Le 24 septembre 2024 annonce les couleurs. Patrice Talon devait être arrêté par l’armée sur financement et organisation de son propre frère. Mais comme le mal, malgré l’immensité de sa ruse, ne peut jamais arriver à bout du bien, ce fut l’Armageddon. Dans la Bible, l’Armagédon, de l’hébreu « Har-Mégidon » du livre de l’Apocalypse (Révélation) 16:16, désignant le lieu de la guerre finale entre les forces humaines, rassemblées par des esprits démoniaques, et Dieu.
Un an après, le président Talon continue toujours de ruminer sa désolation.

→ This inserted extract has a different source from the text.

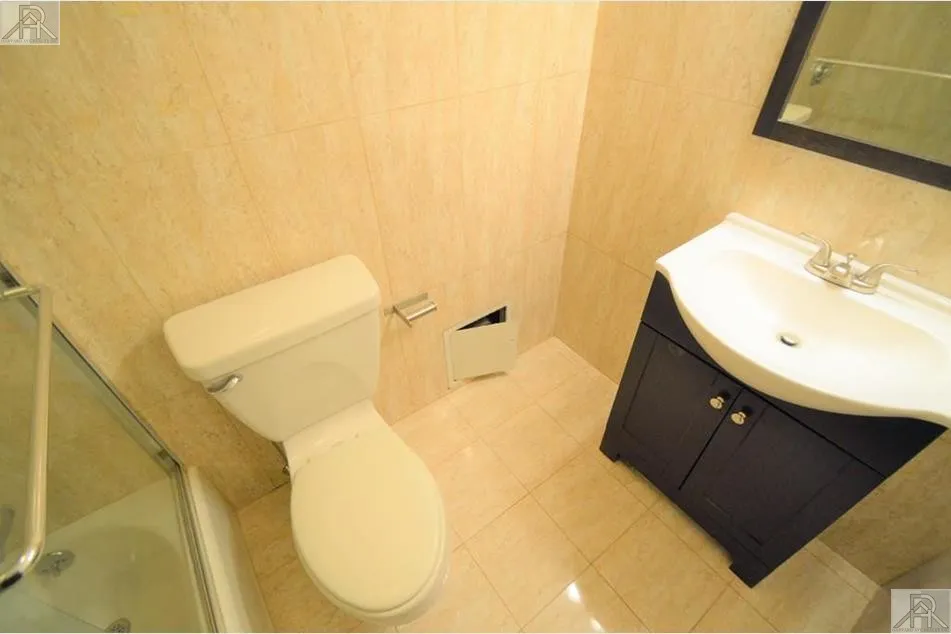 73 Thatcher St, North Brookline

Il a perdu pour de bon, son frère. Le frère s’est perdu en voulant le jouer trop au service des forces du mal.
Un an après cette forfaiture qui a conduit à la condamnation à 20 ans de réclusion criminelle des inculpés, on se demande ce que font les vrais amis de Olivier Boko ?
Continuent-ils leur combat en sourdine ? Ou ont-ils décidé de faire profil bas en appelant au pardon ? Dans un an, le président Talon ne sera plus là et il va falloir compter avec un nouvel ordre incarné par Romuald Wadagni. Une situation dont la clé se trouve toujours entre les mains du condamné. Il fait profil bas et il peut espérer quelque chose de bien, ou il finance ses amis de l’opposition et il perd tout dans leur échec imminent. C’est lui seul qui détient les clés de ses étreintes.